§ **TASK INPUTS**
####
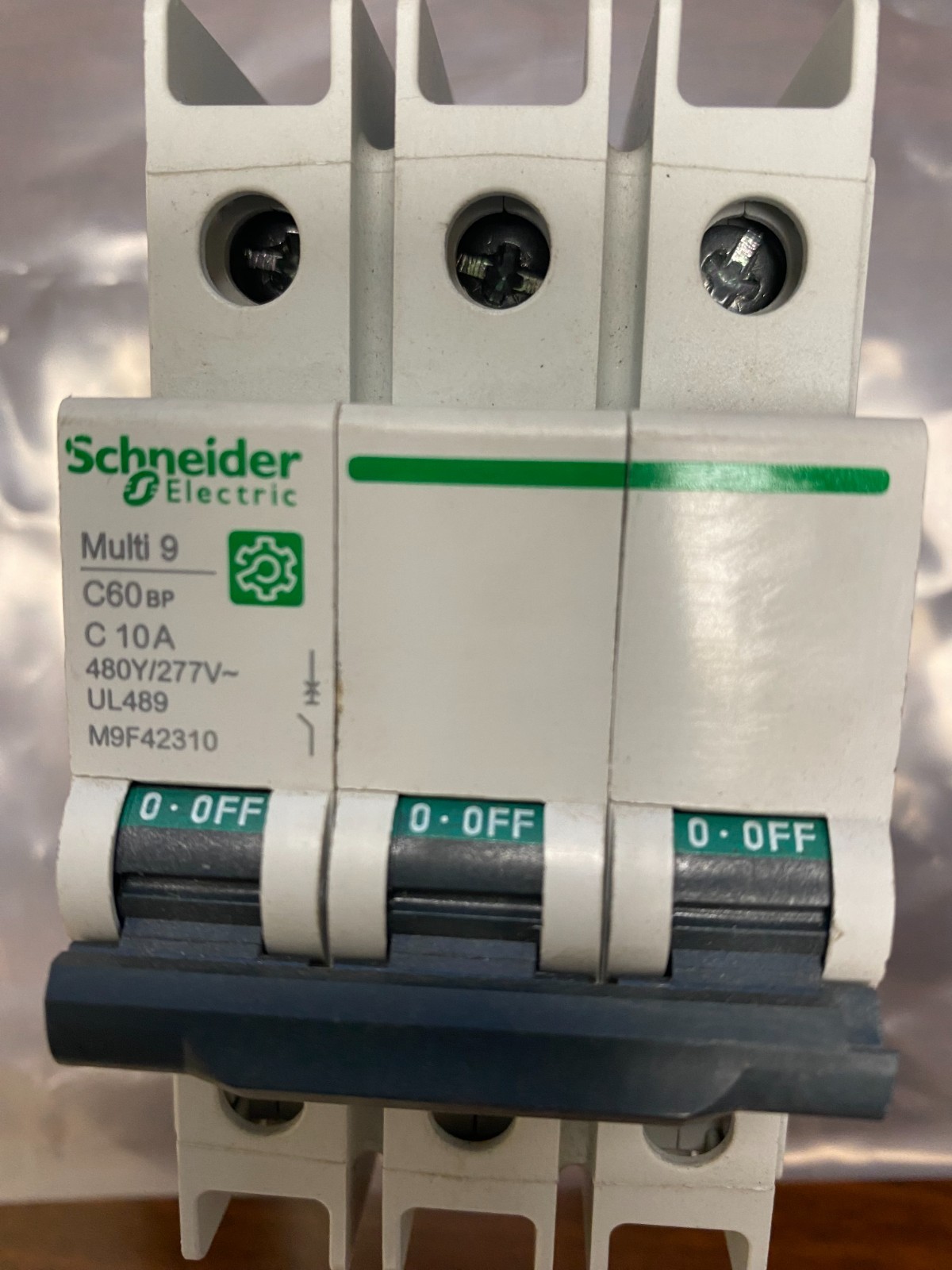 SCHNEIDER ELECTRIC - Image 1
####
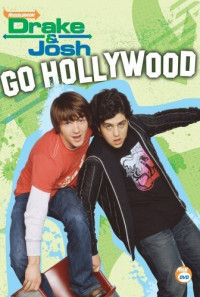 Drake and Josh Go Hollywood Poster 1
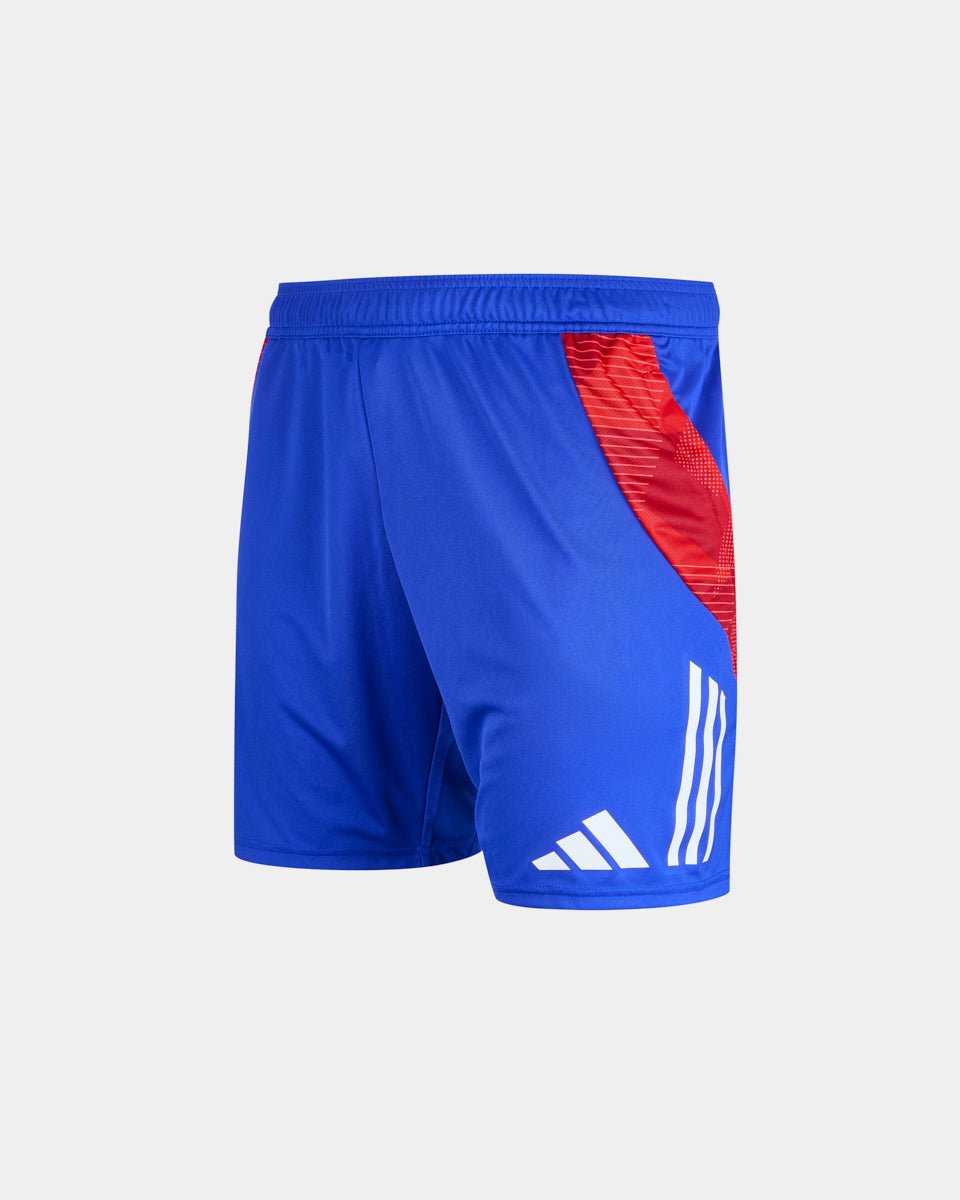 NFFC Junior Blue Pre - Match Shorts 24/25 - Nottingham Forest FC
####
§ **ACTION ITEM**
Go to the line above holding "Drake and Josh Go Hollywood Poster 1", then copy exactly each line down to and including the one holding "NFFC Junior Blue", leaving pictures out.

§ **RESULT OF THE TASK**
 Drake and Josh Go Hollywood Poster 1
 NFFC Junior Blue Pre - Match Shorts 24/25 - Nottingham Forest FC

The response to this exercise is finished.